The stereotype of leftism as some ego-stroking pastime of the wealthy and college-educated wouldn’t be so cringe-inducing if there wasn’t some truth to it. Something that drove me insane when I first became involved in activism in my late 20’s was how many of my peers were exactly like me: privileged people from upper-income backgrounds with college degrees. Few of these people had parents who were the first in their families to attend higher-ed or grew up poor.

Anyone who knows anything about leftism knows how antithetical this is to the cause. Of course, it’s not new either. In his 1937 book The Road to Wigan Pier, George Orwell excoriates the “book-trained” socialist and his elitist attitudes. “To the ordinary working man, the sort you would meet in any pub on Saturday night, Socialism does not mean much more than better wages and shorter hours and nobody bossing you about,” writes Orwell. “Sometimes I look at a Socialist–the intellectual, tract-writing type of Socialist, with his pullover, his fuzzy hair, and his Marxian quotation–and wonder what the devil his motive really is.

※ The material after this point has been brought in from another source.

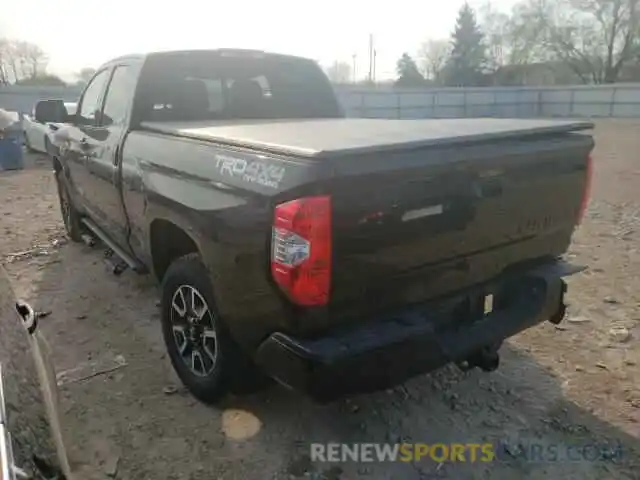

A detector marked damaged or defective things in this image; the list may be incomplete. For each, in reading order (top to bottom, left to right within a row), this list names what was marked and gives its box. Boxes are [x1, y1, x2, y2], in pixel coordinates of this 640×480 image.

damaged rear bumper [254, 258, 580, 402]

It is often difficult to believe that it is a love of anybody, especially of the working class, from whom he is of all people the furthest removed.”

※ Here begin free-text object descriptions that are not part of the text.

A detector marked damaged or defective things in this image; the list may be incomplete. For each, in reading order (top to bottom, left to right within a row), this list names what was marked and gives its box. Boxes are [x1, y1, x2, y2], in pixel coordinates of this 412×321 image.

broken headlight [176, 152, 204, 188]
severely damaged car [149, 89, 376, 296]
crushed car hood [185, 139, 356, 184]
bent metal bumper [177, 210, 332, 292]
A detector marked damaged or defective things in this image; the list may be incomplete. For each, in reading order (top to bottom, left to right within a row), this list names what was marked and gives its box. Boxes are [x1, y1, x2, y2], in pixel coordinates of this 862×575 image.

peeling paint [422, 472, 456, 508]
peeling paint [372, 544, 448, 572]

He goes on to observe that this brand of socialist seems motivated by an aversion to the disorder of the proletarian condition, not by their suffering. “The present state of affairs offends them not because it causes misery, still less because it makes freedom impossible, but because it is untidy; what they desire, basically, is to reduce the world to something resembling a chessboard….The truth is that, to many people calling themselves Socialists, revolution does not mean a movement of the masses with which they hope to associate themselves; it means a set of reforms which ’we’, the clever ones, are going to impose upon ’them’, the Lower Orders.”

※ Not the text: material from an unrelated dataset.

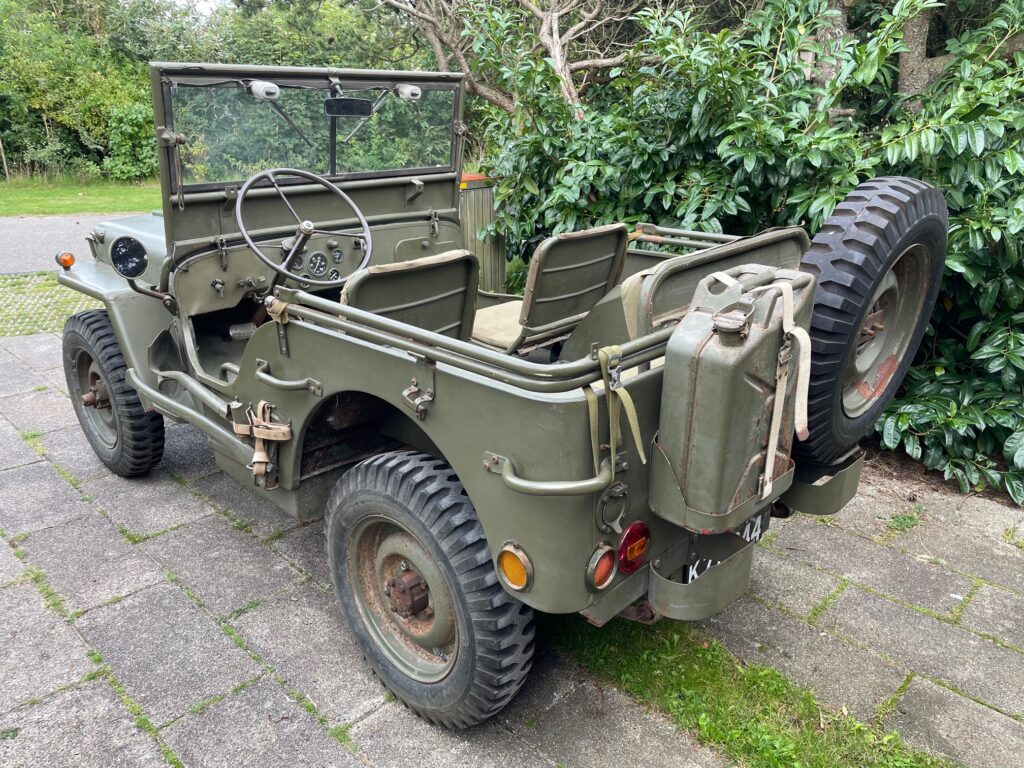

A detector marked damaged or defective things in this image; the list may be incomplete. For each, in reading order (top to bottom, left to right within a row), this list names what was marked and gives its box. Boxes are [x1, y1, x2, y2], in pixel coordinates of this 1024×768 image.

rusty wheel hub [385, 573, 430, 618]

Orwell’s portrait of the didactic “book-trained” socialist is as relevant today as it ever was. The working class and underclass must be able to view the left as their allies. Those of us who come from privileged backgrounds need to quash our petty aesthetic aversions to and stereotypical assumptions about the blue collar worker and the poverty-stricken individual and view them not as infantile creatures we’re saving via our benevolence. We need to view them as our comrades who we’re engaged in a common struggle with for the betterment of humanity.

Of course, I recognize the irony here, being a fuzzy-haired book-trained leftist myself, currently pounding out a tract to be posted on a website run by unprincipled capitalists. Joking aside, my grievance comes from my family history. My working class mother and her siblings, with their father dead and their mother dying, relied on social security to get by. Without that state largess, born of New Deal quasi-social democratic reforms, who knows what would have happened to her and her family. Unfortunately, the cold war red-baiting of the time presented the left to my mother as the enemy. Years later, the failures of the Democratic Party provided the right with an opportunity to seduce the working class.

Attacking the exploitation of labor and the indignity of poverty is at the heart of both social democracy and democratic socialism. Both the worker and indigent must be able to recognize this and not be alienated by elitism and dogmatism. If the “servile masses” are ever to arise from their slumbers and “change henceforth the old tradition,” the left needs to change its tradition of holding the people they claim to represent in contempt.